You have paid about $13.3 billion for the chunks of the wall Trump has built or replaced. Despite the president’s repeated pledges, not a penny came from Mexico.
“Biden has said wall work will halt once he takes office.”
Biden has said wall work will halt once he takes office. “There will not be another foot of wall constructed in my administration,” he said in August. That could yield significant savings: In a mountainous region of Arizona, each foot of a new portion of the wall now under construction costs about $7,800. All told, the Trump administration is paying roughly five times the per-mile cost paid by the Bush and Obama administrations. But Biden is not planning to undo the work already done. The government can halt work mid-contract, although that could require it to pay termination fees to the contractors involved. However, such costs might be a small portion of long-term construction, maintenance, and repair, costs to procure miles of private land, and costs to the local economy, environment, and ecosystem.
“A wall is not a serious deterrent for sophisticated criminal organizations that employ border tunnels, semi-submersible vessels, and aerial technology to overcome physical barriers at the border—or even for individuals with a reciprocating saw,” Biden’s campaign website says. “We need smart, sensible policies that will actually strengthen our ability to catch these real threats by improving screening procedures at our legal ports of entry and investing in new technology.”

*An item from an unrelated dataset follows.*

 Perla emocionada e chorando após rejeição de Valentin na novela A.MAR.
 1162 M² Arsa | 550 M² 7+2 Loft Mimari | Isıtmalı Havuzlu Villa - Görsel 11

The battle to rename 10 Army posts across the South named for Confederate officers is now being waged in Congress, and Trump has promised to veto any legislation ordering the change. The Army and the Pentagon are open to the change, but Trump and Senator Jim Inhofe, the Oklahoma Republican who chairs the armed services committee, are fighting to keep the measure out of the 2021 defense bill. Even if they succeed this year, though, it’s sure to be back next year, perhaps as an executive order from the White House. “The incoming Biden administration is going to deal with the base naming issues anyway,” retiring Texas Representative Mac Thornberry, the top Republican on the House Armed Services Committee, said November 17.
The U.S. has debated the roles of women and LGBTQ service members in the U.S. military for decades. Biden will inherit these debates, along with new challenges concerning personnel.
He has said he will reverse Trump’s ban on transgender troops serving in uniform. In 2016, the Obama administration began allowing transgender Americans to serve openly, but in 2019 Trump’s Pentagon barred most of them from serving. “On day one of my presidency, I will begin reinstating LGBTQ protections President Trump has rolled back, including ensuring transgender individuals can openly serve in the military,” Biden said in February.
It is also likely that the new president will scrap Trump’s September prohibition of any Pentagon diversity training programs that view the U.S. as “fundamentally racist or sexist.” The Pentagon’s push for such training accelerated last summer following the killing of George Floyd, a Black man, by a white police officer in Minneapolis. The Military Industrial Circusexplored the problem in July.
So there you have it. All told, the incoming president faces a lengthy list of challenges, large and small. Thankfully, none involves a raging war. Let’s hope he can keep it that way.